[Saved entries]
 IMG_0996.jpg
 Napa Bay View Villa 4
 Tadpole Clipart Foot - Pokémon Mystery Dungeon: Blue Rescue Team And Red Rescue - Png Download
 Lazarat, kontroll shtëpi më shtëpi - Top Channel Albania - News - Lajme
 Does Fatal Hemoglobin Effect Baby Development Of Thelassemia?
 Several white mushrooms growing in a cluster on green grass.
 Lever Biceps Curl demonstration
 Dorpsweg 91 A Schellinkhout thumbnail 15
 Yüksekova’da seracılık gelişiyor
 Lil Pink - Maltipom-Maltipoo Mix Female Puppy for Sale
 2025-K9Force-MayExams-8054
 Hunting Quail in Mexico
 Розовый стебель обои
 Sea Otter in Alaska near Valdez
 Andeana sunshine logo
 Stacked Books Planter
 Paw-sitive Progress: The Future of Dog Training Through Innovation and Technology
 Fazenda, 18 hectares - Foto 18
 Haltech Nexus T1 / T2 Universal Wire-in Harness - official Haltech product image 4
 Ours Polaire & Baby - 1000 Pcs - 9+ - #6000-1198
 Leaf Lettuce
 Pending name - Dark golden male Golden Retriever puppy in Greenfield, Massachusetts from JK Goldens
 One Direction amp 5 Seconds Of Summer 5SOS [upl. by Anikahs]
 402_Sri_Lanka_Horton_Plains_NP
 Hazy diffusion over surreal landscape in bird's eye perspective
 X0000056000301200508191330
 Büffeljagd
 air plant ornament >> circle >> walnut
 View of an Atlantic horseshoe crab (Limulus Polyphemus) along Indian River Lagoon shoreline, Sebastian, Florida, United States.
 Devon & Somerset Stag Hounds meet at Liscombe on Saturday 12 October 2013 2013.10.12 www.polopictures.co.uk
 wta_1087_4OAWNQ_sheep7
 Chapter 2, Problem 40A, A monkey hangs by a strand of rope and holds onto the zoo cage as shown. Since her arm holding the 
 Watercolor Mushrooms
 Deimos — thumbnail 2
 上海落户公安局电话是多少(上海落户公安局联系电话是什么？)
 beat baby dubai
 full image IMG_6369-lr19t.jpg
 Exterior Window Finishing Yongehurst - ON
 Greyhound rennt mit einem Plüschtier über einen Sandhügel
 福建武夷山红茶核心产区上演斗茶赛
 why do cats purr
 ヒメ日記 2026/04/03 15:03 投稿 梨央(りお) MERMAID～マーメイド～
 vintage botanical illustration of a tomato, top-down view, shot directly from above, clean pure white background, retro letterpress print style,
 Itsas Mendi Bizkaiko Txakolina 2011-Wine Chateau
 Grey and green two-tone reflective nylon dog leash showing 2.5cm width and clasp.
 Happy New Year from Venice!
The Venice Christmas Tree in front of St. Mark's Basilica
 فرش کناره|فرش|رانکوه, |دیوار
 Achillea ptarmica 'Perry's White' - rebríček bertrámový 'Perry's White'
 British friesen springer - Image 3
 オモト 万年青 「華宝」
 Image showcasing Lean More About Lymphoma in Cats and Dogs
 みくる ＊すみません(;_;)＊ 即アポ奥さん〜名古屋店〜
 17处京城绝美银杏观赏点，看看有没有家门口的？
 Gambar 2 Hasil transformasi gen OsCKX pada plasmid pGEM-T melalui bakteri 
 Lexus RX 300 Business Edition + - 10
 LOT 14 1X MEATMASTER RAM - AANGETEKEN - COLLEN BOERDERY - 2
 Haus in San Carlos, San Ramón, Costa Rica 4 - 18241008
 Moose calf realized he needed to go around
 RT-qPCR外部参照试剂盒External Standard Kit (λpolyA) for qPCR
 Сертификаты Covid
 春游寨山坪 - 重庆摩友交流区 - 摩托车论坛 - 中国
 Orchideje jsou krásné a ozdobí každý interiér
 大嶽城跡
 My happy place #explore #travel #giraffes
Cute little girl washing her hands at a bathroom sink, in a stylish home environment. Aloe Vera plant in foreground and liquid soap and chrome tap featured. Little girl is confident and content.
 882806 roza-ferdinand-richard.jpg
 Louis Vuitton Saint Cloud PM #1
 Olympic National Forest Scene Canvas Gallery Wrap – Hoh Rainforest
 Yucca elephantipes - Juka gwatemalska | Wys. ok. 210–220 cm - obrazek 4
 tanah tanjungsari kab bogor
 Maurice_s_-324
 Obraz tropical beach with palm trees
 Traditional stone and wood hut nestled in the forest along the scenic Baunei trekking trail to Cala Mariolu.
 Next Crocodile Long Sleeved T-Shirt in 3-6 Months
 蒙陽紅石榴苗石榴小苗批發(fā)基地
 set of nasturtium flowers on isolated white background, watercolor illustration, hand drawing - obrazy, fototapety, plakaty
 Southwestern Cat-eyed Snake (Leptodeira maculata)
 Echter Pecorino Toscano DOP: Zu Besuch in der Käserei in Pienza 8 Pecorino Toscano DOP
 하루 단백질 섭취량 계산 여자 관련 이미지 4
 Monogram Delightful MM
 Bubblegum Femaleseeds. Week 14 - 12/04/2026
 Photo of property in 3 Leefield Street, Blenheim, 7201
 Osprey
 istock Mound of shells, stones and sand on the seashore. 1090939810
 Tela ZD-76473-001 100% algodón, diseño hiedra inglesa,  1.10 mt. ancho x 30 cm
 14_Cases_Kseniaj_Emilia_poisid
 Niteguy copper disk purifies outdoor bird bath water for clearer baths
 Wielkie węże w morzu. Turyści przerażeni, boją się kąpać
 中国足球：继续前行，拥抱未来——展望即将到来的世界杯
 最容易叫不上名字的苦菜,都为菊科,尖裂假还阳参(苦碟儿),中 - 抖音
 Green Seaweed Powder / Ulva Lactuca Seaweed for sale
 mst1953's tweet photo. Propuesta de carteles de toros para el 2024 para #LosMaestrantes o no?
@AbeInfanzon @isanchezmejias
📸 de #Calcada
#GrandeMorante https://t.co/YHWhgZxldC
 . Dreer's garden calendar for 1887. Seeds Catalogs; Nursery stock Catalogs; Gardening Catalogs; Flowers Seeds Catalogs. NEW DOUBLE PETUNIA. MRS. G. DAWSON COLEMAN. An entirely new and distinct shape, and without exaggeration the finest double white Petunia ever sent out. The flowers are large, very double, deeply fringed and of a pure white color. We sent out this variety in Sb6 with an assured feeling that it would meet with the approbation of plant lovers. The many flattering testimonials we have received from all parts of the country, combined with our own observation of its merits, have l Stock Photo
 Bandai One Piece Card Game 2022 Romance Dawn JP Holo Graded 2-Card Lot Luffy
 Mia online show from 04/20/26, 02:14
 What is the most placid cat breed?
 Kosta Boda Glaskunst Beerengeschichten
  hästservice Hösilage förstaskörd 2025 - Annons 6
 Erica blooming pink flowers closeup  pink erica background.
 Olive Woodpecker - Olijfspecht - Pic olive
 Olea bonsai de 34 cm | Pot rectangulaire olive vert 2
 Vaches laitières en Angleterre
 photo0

#### [ASSIGNMENT]
Please copy out every line shown above, exactly.

#### [EXERCISE OUTPUT]
 IMG_0996.jpg
 Napa Bay View Villa 4
 Tadpole Clipart Foot - Pokémon Mystery Dungeon: Blue Rescue Team And Red Rescue - Png Download
 Lazarat, kontroll shtëpi më shtëpi - Top Channel Albania - News - Lajme
 Does Fatal Hemoglobin Effect Baby Development Of Thelassemia?
 Several white mushrooms growing in a cluster on green grass.
 Lever Biceps Curl demonstration
 Dorpsweg 91 A Schellinkhout thumbnail 15
 Yüksekova’da seracılık gelişiyor
 Lil Pink - Maltipom-Maltipoo Mix Female Puppy for Sale
 2025-K9Force-MayExams-8054
 Hunting Quail in Mexico
 Розовый стебель обои
 Sea Otter in Alaska near Valdez
 Andeana sunshine logo
 Stacked Books Planter
 Paw-sitive Progress: The Future of Dog Training Through Innovation and Technology
 Fazenda, 18 hectares - Foto 18
 Haltech Nexus T1 / T2 Universal Wire-in Harness - official Haltech product image 4
 Ours Polaire & Baby - 1000 Pcs - 9+ - #6000-1198
 Leaf Lettuce
 Pending name - Dark golden male Golden Retriever puppy in Greenfield, Massachusetts from JK Goldens
 One Direction amp 5 Seconds Of Summer 5SOS [upl. by Anikahs]
 402_Sri_Lanka_Horton_Plains_NP
 Hazy diffusion over surreal landscape in bird's eye perspective
 X0000056000301200508191330
 Büffeljagd
 air plant ornament >> circle >> walnut
 View of an Atlantic horseshoe crab (Limulus Polyphemus) along Indian River Lagoon shoreline, Sebastian, Florida, United States.
 Devon & Somerset Stag Hounds meet at Liscombe on Saturday 12 October 2013 2013.10.12 www.polopictures.co.uk
 wta_1087_4OAWNQ_sheep7
 Chapter 2, Problem 40A, A monkey hangs by a strand of rope and holds onto the zoo cage as shown. Since her arm holding the 
 Watercolor Mushrooms
 Deimos — thumbnail 2
 上海落户公安局电话是多少(上海落户公安局联系电话是什么？)
 beat baby dubai
 full image IMG_6369-lr19t.jpg
 Exterior Window Finishing Yongehurst - ON
 Greyhound rennt mit einem Plüschtier über einen Sandhügel
 福建武夷山红茶核心产区上演斗茶赛
 why do cats purr
 ヒメ日記 2026/04/03 15:03 投稿 梨央(りお) MERMAID～マーメイド～
 vintage botanical illustration of a tomato, top-down view, shot directly from above, clean pure white background, retro letterpress print style,
 Itsas Mendi Bizkaiko Txakolina 2011-Wine Chateau
 Grey and green two-tone reflective nylon dog leash showing 2.5cm width and clasp.
 Happy New Year from Venice!
The Venice Christmas Tree in front of St. Mark's Basilica
 فرش کناره|فرش|رانکوه, |دیوار
 Achillea ptarmica 'Perry's White' - rebríček bertrámový 'Perry's White'
 British friesen springer - Image 3
 オモト 万年青 「華宝」
 Image showcasing Lean More About Lymphoma in Cats and Dogs
 みくる ＊すみません(;_;)＊ 即アポ奥さん〜名古屋店〜
 17处京城绝美银杏观赏点，看看有没有家门口的？
 Gambar 2 Hasil transformasi gen OsCKX pada plasmid pGEM-T melalui bakteri 
 Lexus RX 300 Business Edition + - 10
 LOT 14 1X MEATMASTER RAM - AANGETEKEN - COLLEN BOERDERY - 2
 Haus in San Carlos, San Ramón, Costa Rica 4 - 18241008
 Moose calf realized he needed to go around
 RT-qPCR外部参照试剂盒External Standard Kit (λpolyA) for qPCR
 Сертификаты Covid
 春游寨山坪 - 重庆摩友交流区 - 摩托车论坛 - 中国
 Orchideje jsou krásné a ozdobí každý interiér
 大嶽城跡
 My happy place #explore #travel #giraffes
Cute little girl washing her hands at a bathroom sink, in a stylish home environment. Aloe Vera plant in foreground and liquid soap and chrome tap featured. Little girl is confident and content.
 882806 roza-ferdinand-richard.jpg
 Louis Vuitton Saint Cloud PM #1
 Olympic National Forest Scene Canvas Gallery Wrap – Hoh Rainforest
 Yucca elephantipes - Juka gwatemalska | Wys. ok. 210–220 cm - obrazek 4
 tanah tanjungsari kab bogor
 Maurice_s_-324
 Obraz tropical beach with palm trees
 Traditional stone and wood hut nestled in the forest along the scenic Baunei trekking trail to Cala Mariolu.
 Next Crocodile Long Sleeved T-Shirt in 3-6 Months
 蒙陽紅石榴苗石榴小苗批發(fā)基地
 set of nasturtium flowers on isolated white background, watercolor illustration, hand drawing - obrazy, fototapety, plakaty
 Southwestern Cat-eyed Snake (Leptodeira maculata)
 Echter Pecorino Toscano DOP: Zu Besuch in der Käserei in Pienza 8 Pecorino Toscano DOP
 하루 단백질 섭취량 계산 여자 관련 이미지 4
 Monogram Delightful MM
 Bubblegum Femaleseeds. Week 14 - 12/04/2026
 Photo of property in 3 Leefield Street, Blenheim, 7201
 Osprey
 istock Mound of shells, stones and sand on the seashore. 1090939810
 Tela ZD-76473-001 100% algodón, diseño hiedra inglesa,  1.10 mt. ancho x 30 cm
 14_Cases_Kseniaj_Emilia_poisid
 Niteguy copper disk purifies outdoor bird bath water for clearer baths
 Wielkie węże w morzu. Turyści przerażeni, boją się kąpać
 中国足球：继续前行，拥抱未来——展望即将到来的世界杯
 最容易叫不上名字的苦菜,都为菊科,尖裂假还阳参(苦碟儿),中 - 抖音
 Green Seaweed Powder / Ulva Lactuca Seaweed for sale
 mst1953's tweet photo. Propuesta de carteles de toros para el 2024 para #LosMaestrantes o no?
@AbeInfanzon @isanchezmejias
📸 de #Calcada
#GrandeMorante https://t.co/YHWhgZxldC
 . Dreer's garden calendar for 1887. Seeds Catalogs; Nursery stock Catalogs; Gardening Catalogs; Flowers Seeds Catalogs. NEW DOUBLE PETUNIA. MRS. G. DAWSON COLEMAN. An entirely new and distinct shape, and without exaggeration the finest double white Petunia ever sent out. The flowers are large, very double, deeply fringed and of a pure white color. We sent out this variety in Sb6 with an assured feeling that it would meet with the approbation of plant lovers. The many flattering testimonials we have received from all parts of the country, combined with our own observation of its merits, have l Stock Photo
 Bandai One Piece Card Game 2022 Romance Dawn JP Holo Graded 2-Card Lot Luffy
 Mia online show from 04/20/26, 02:14
 What is the most placid cat breed?
 Kosta Boda Glaskunst Beerengeschichten
  hästservice Hösilage förstaskörd 2025 - Annons 6
 Erica blooming pink flowers closeup  pink erica background.
 Olive Woodpecker - Olijfspecht - Pic olive
 Olea bonsai de 34 cm | Pot rectangulaire olive vert 2
 Vaches laitières en Angleterre
 photo0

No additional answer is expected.